Image-text web data
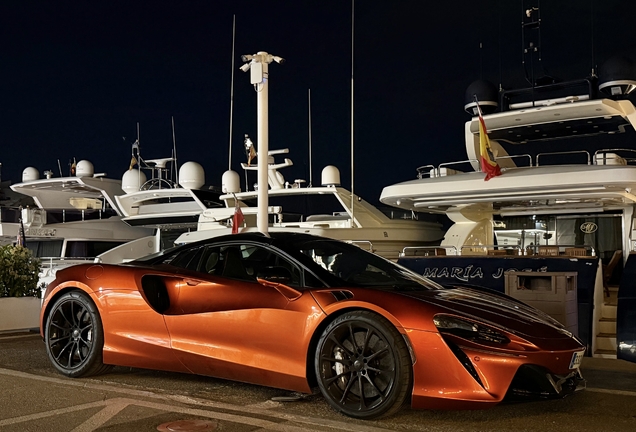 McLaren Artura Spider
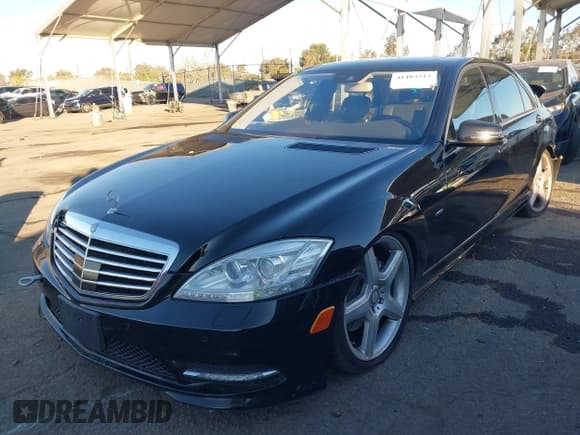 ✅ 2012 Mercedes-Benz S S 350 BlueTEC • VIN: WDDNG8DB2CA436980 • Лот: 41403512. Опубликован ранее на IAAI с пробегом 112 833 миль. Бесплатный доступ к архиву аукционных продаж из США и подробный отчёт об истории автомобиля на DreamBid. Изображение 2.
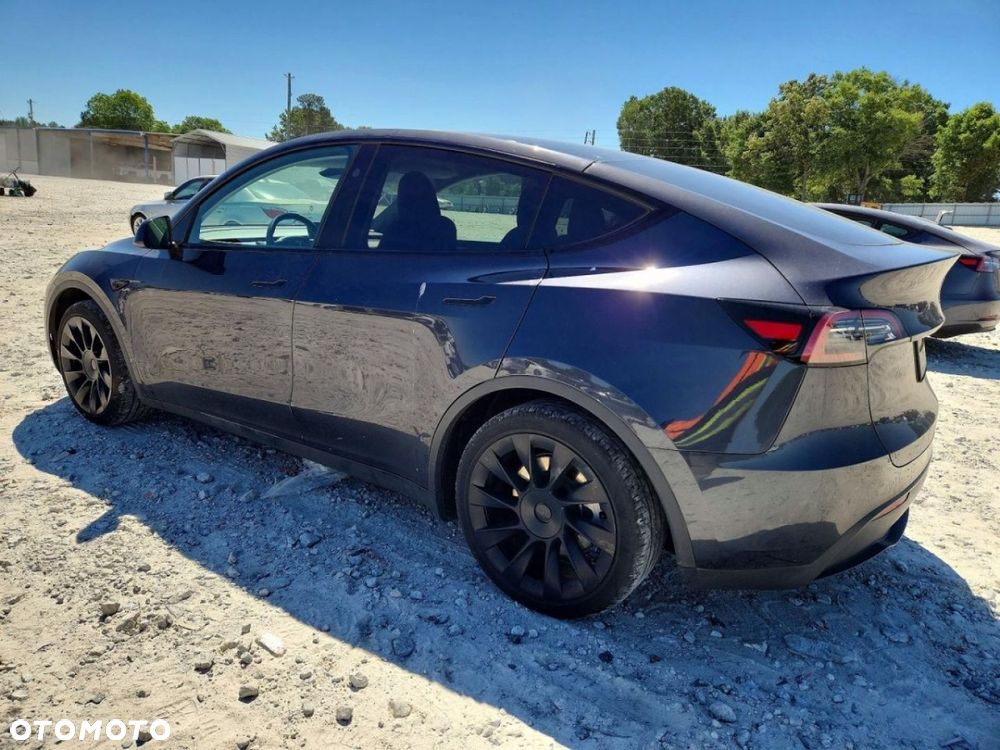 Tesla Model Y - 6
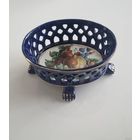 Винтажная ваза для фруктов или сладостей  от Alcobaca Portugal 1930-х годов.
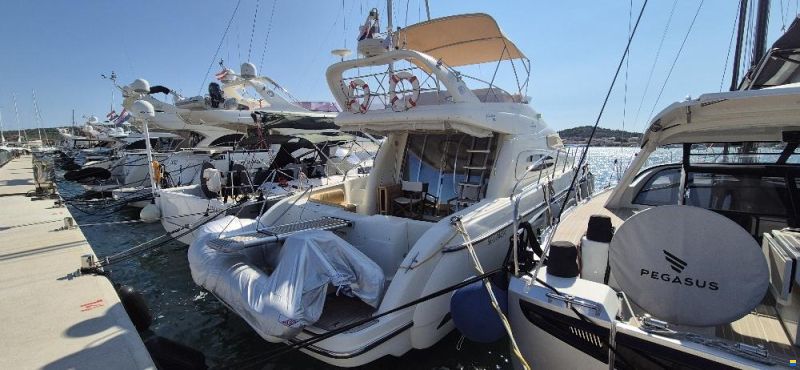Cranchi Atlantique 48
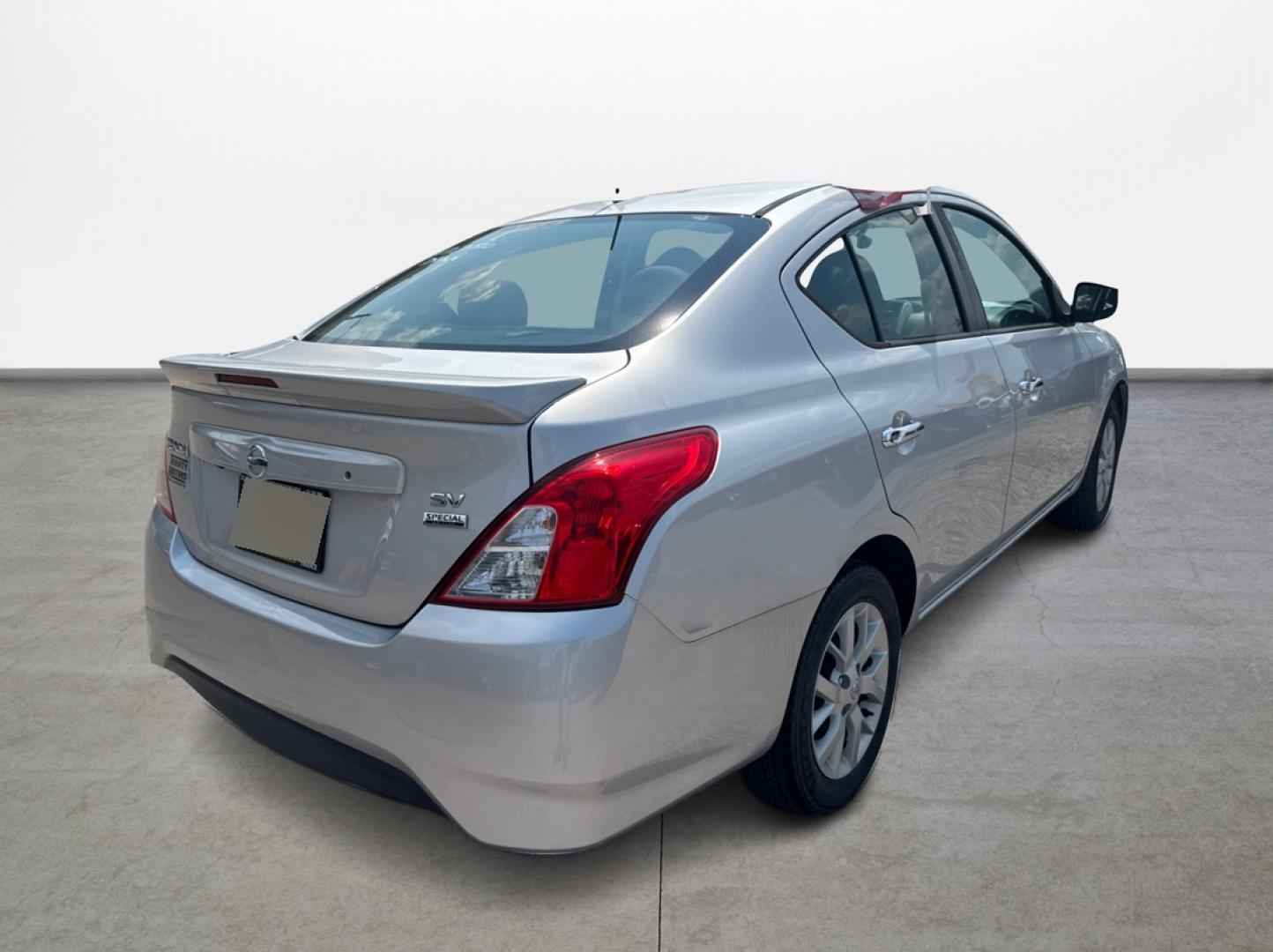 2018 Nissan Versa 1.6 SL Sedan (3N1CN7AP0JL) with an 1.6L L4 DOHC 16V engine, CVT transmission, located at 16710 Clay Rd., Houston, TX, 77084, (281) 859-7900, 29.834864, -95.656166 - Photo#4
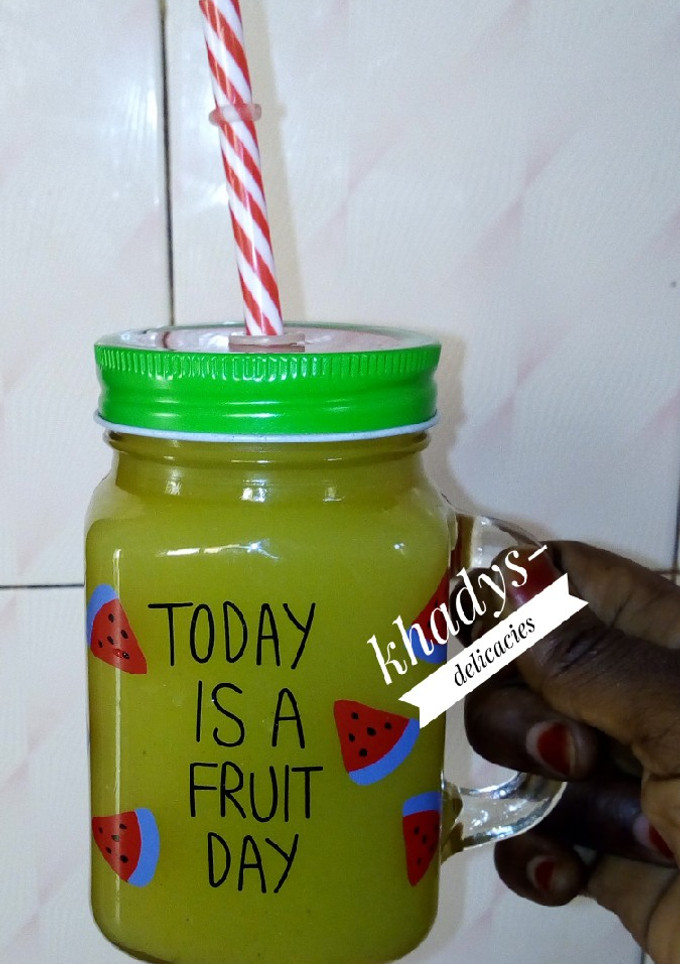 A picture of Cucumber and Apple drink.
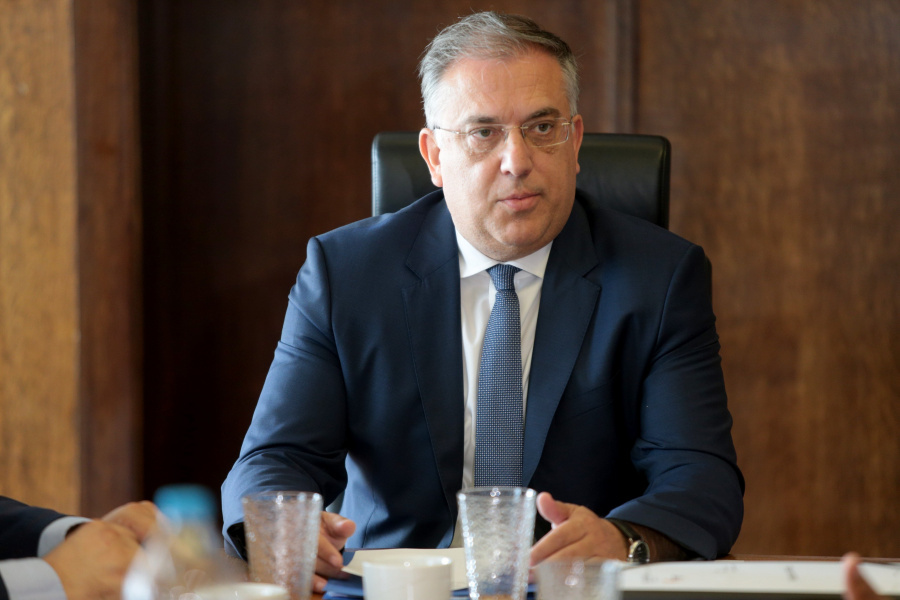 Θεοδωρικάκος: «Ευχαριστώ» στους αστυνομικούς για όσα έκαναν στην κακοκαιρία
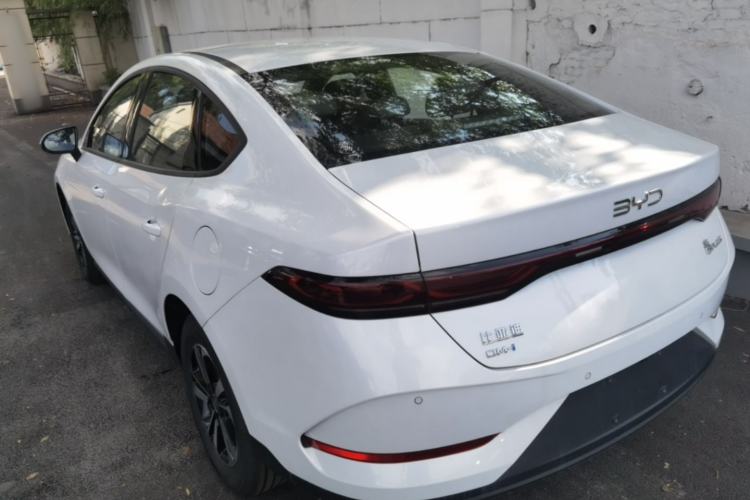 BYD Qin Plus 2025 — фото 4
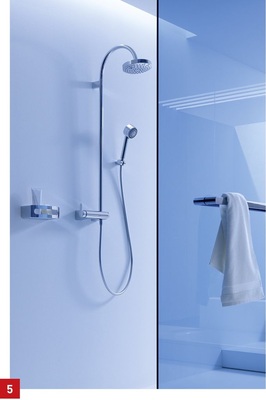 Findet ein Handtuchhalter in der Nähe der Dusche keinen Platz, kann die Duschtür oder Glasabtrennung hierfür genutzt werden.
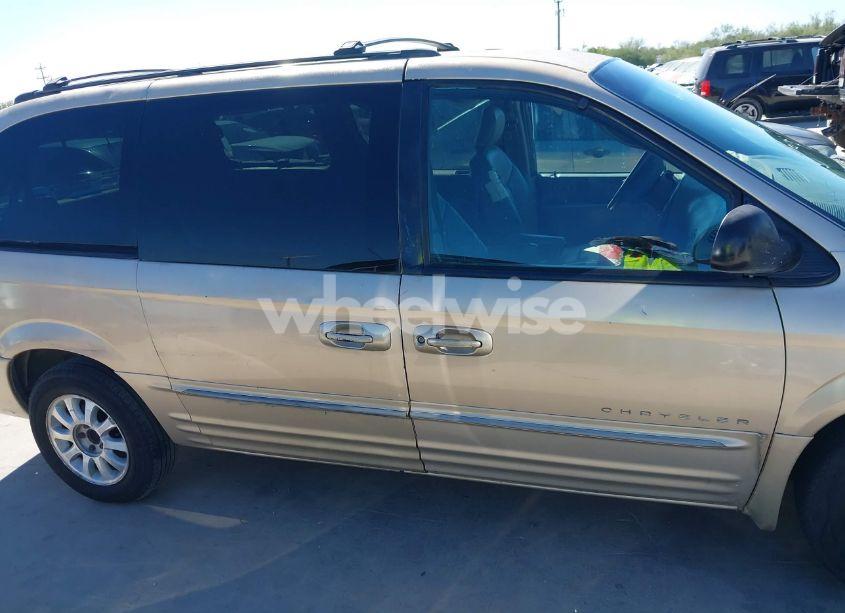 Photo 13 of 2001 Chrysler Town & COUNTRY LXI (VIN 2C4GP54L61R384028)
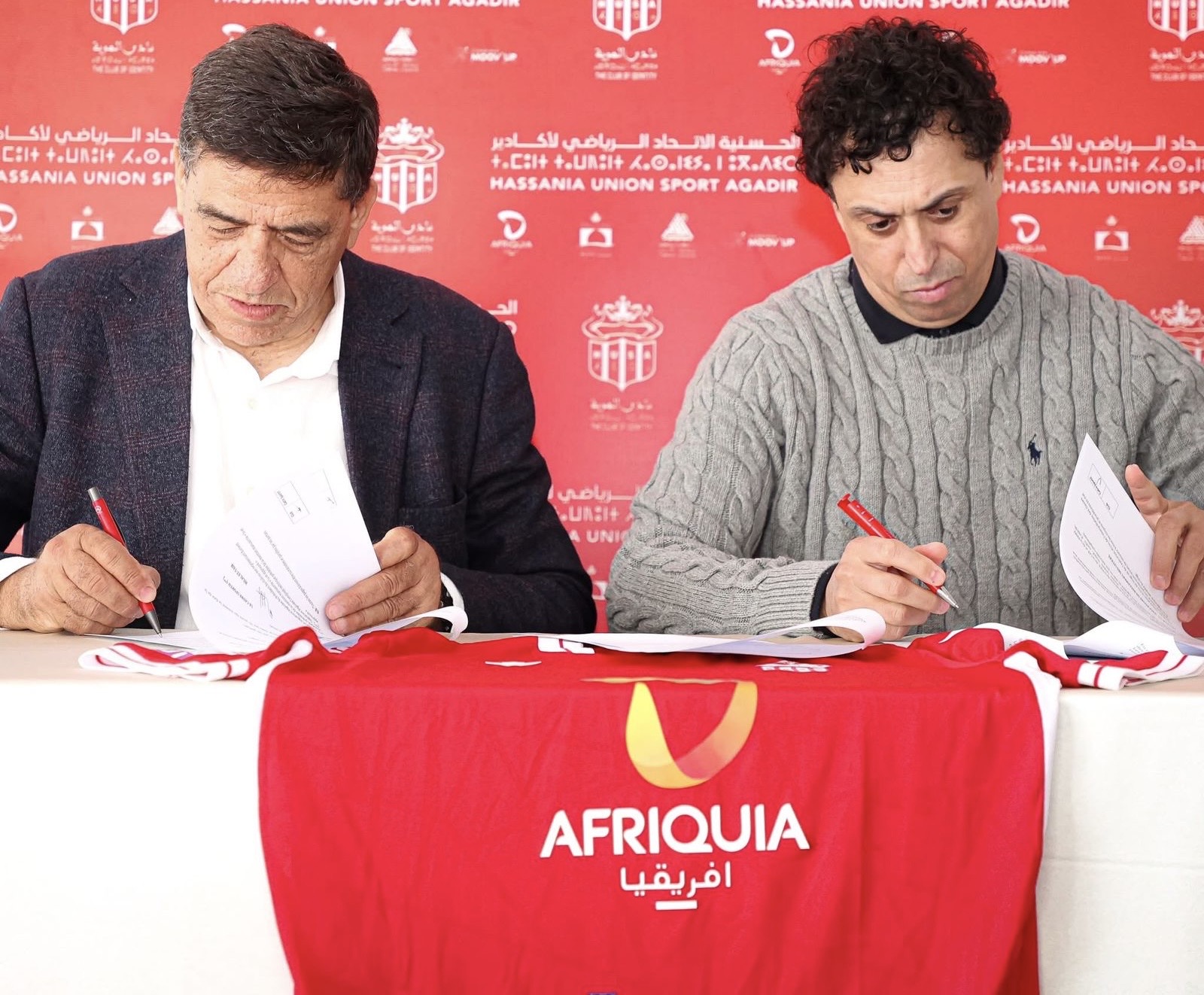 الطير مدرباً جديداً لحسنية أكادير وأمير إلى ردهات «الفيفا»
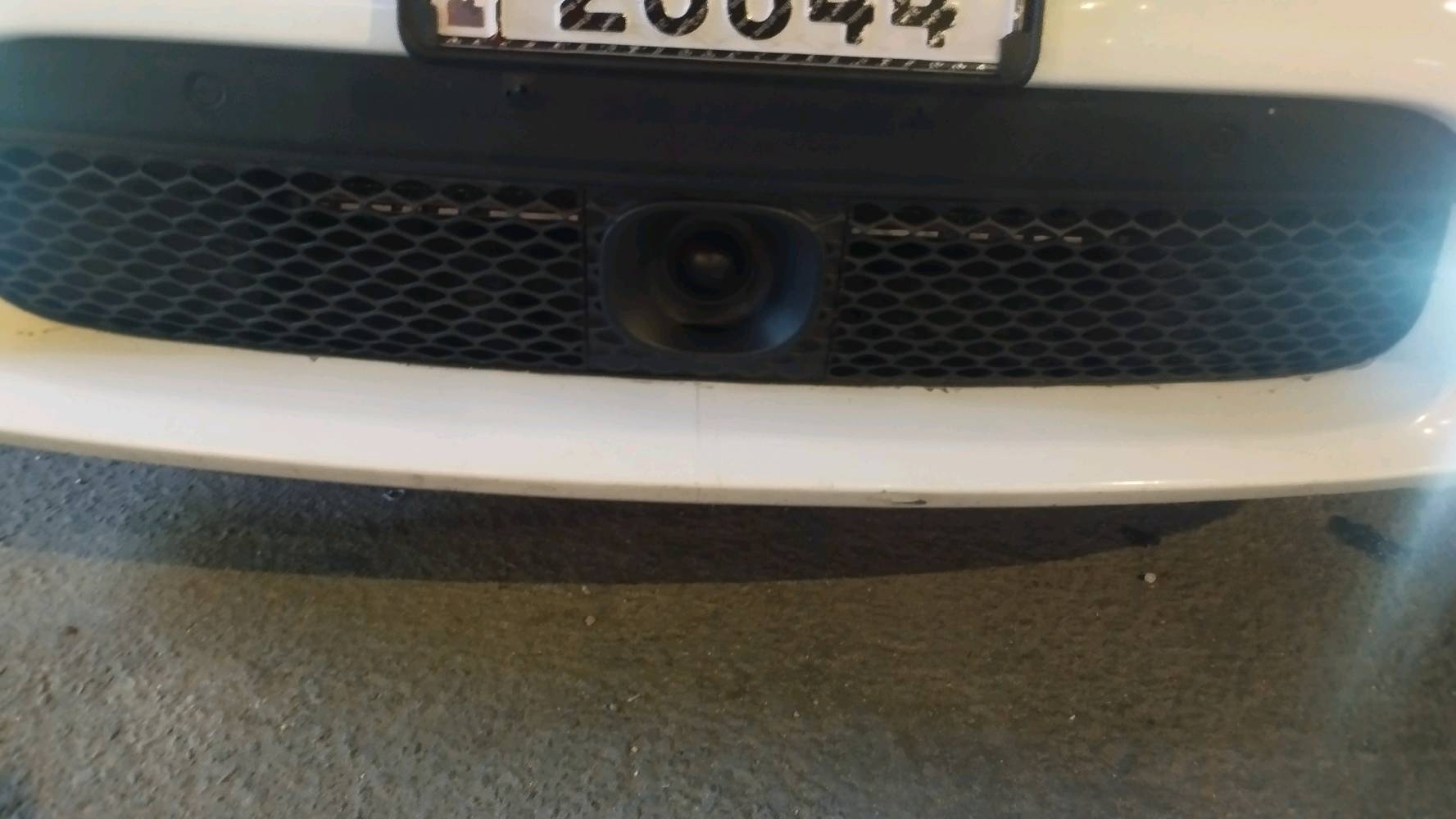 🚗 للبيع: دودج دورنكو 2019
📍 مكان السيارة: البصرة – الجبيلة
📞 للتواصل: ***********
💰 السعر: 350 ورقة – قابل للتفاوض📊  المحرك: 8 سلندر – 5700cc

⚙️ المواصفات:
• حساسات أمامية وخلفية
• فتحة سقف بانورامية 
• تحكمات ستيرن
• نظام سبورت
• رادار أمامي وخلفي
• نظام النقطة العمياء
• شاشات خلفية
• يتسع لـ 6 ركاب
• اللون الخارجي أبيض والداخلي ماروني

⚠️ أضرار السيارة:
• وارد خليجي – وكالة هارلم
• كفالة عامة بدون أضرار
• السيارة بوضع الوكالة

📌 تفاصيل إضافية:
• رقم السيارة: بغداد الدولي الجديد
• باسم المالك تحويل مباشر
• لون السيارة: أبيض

Exercise instructions: When you come to the line containing "الطير مدرباً جديداً" in the records above, repeat that line and all lines after it exactly, but not the pictures.

Result of this task:
 الطير مدرباً جديداً لحسنية أكادير وأمير إلى ردهات «الفيفا»
 🚗 للبيع: دودج دورنكو 2019
📍 مكان السيارة: البصرة – الجبيلة
📞 للتواصل: ***********
💰 السعر: 350 ورقة – قابل للتفاوض📊  المحرك: 8 سلندر – 5700cc

⚙️ المواصفات:
• حساسات أمامية وخلفية
• فتحة سقف بانورامية 
• تحكمات ستيرن
• نظام سبورت
• رادار أمامي وخلفي
• نظام النقطة العمياء
• شاشات خلفية
• يتسع لـ 6 ركاب
• اللون الخارجي أبيض والداخلي ماروني

⚠️ أضرار السيارة:
• وارد خليجي – وكالة هارلم
• كفالة عامة بدون أضرار
• السيارة بوضع الوكالة

📌 تفاصيل إضافية:
• رقم السيارة: بغداد الدولي الجديد
• باسم المالك تحويل مباشر
• لون السيارة: أبيض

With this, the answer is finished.